Farmers are playing a central role in building a strong economy in the North and I want to support them to grow more and sell more.
In Sheffield, a group of 40 farmers is trialling a self-driving ‘agribot’ to help them better manage hilly moorland grazing for sheep and cattle. The ‘agribot’, based on a bomb disposal robot, uses a suite of on-board sensors and cameras, coupled with information from Ordnance Survey maps and satellite images, to identify and remove weeds on tricky terrain.
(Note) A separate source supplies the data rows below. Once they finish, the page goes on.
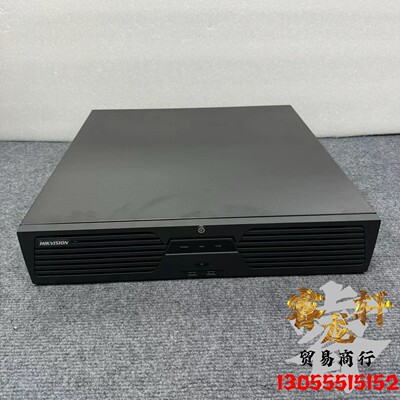 海康威视录像机iDS-9616NX-I8/S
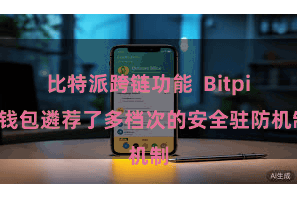 比特派跨链功能  Bitpie钱包遴荐了多档次的安全驻防机制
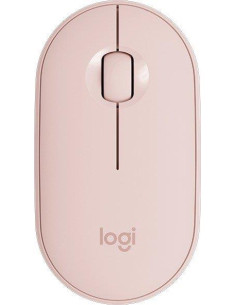 MOUSE USB OPTICAL WRL M350/ROSE 910-005717 LOGITECH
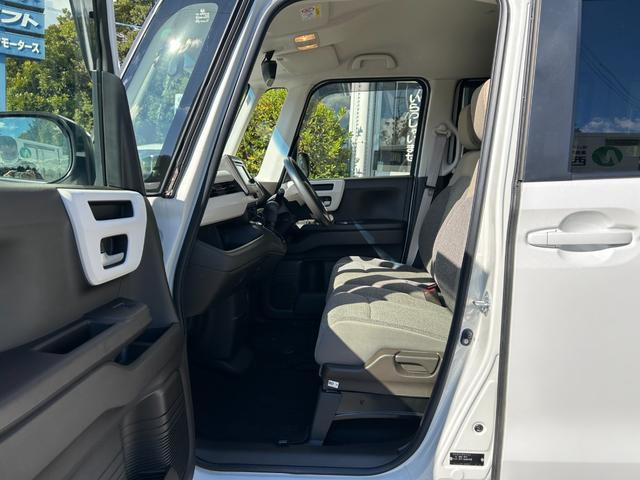 Ｎ－ＢＯＸ Ｌ　冠水歴車ディスプレイオーディオバックカメラＵＳＢジャックＥＴＣ車載器センシング衝突軽減ブレーキ踏み間違防止アダプティブクルーズコントロール禁煙車前席シートヒータードラレコ前後２カメラサイドエアバッグ（46枚目）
If successful, the technology, developed with the assistance of a £182,000 Agri-Tech Catalyst grant, could be used on a commercial scale.
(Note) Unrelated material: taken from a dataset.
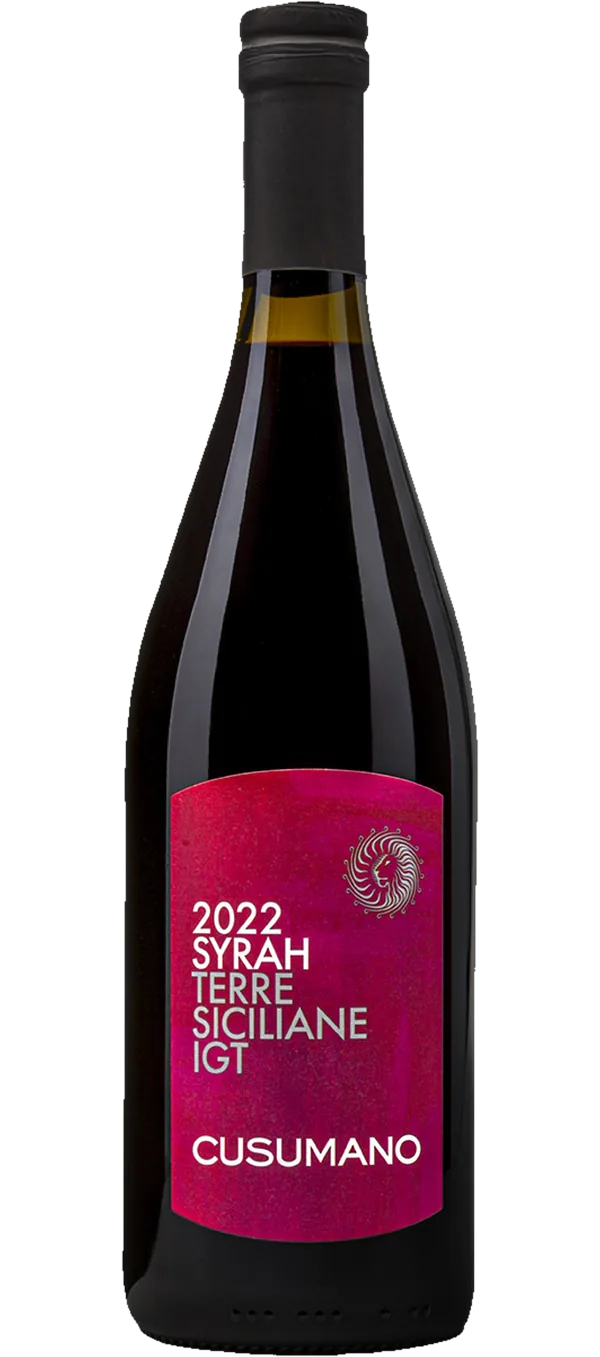 Cusumano - Terre Siciliane Syrah IGT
Elsewhere in Yorkshire, a consortium including the Scotch Whisky Research Institute and United Biscuits, supported by a £200,000 Agri-Tech Catalyst grant, is using scientific know-how to identify quality characteristics in soft (gluten-low) wheat in a bid to develop new, higher-quality UK varieties for use in our biscuit and whisky-making.
In addition to the innovative Agri-Tech Catalyst projects, run by Innovate UK, being funded in the North, the Joint Venture between Defra and Capita resulted in the launch of Fera Science Limited - bringing a further £14.5 million of new investment, enabling York-based Fera Science Limited to play an even greater role in helping to drive growth in the agri-food industry.
The investment builds upon the £2.7 million already committed by the Local Enterprise Partnership to Defra’s National Agri-Food Innovation Campus, where Fera is based.